Thank you, Motta, for your question. Once again, Paulo, for guidance, I would like to send it to you for you to explore a little bit more on the CapEx part and also the exchange, which is connected to our international revenues, please.
Motta, thank you for your question. Well, for CapEx, I think you mentioned exactly the most important point of this discussion. We are living a moment with a lot of uncertain things. Our focus continues to reduce our leverage. For this reason, we work very careful, way more careful than we used to be in the past.
We continue to move on in this journey with financial discipline in terms of costs, expenses, working capital and CapEx, with the desire to reaching the December of 2026 with a leverage between 2x or 2.5x EBITDA. We are really doing what is the minimum necessary for maintaining our operations. In terms of exchange, we usually make our projections based on the best information in the market, especially from the analysts and the banks. You're right, the volatility will continue. However, when we analyze the results from Randoncorp, especially EBITDA in the last line, the exchange variation is quite neutral. When we look into the moving picture in full extension, not a static picture. We do have revenues in dollar, but we also have purchases of products and raw material that are based on dollars.

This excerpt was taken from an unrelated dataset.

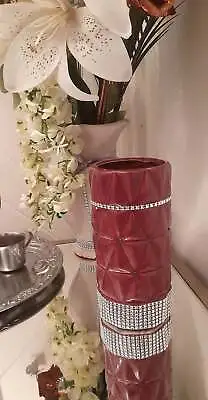 Large Tall Vases For Flowers Handmade Decorative Diamante Red Vase Ceramic • £7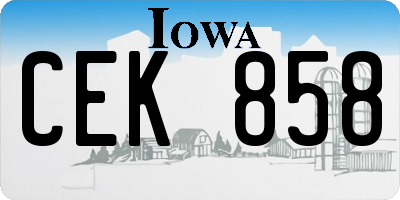 IA license plate CEK858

We have a balance. The oscillation of the exchange rate to lower, it may impact our revenue. Also, as the real loses more value than the predicted one, it can oscillate above. In some sort of way, this is already predicted in this range that we are sharing here.
Thank you. Thank you, Paulo.
Perfect.
With this, we wrap up our Q&A session. Thank you very much everyone who participated. Now I'll give the microphone for our President and CEO, Daniel Randon, for our final message.
Well, I would like to say thank you for the presence of everyone here, our investors, analysts, people who are with us in this teleconference, and also give the recognition and the effort and dedication of our employees that are committed to the execution of our strategy here in Randoncorp.
We are always at your disposal for clarifying anything else.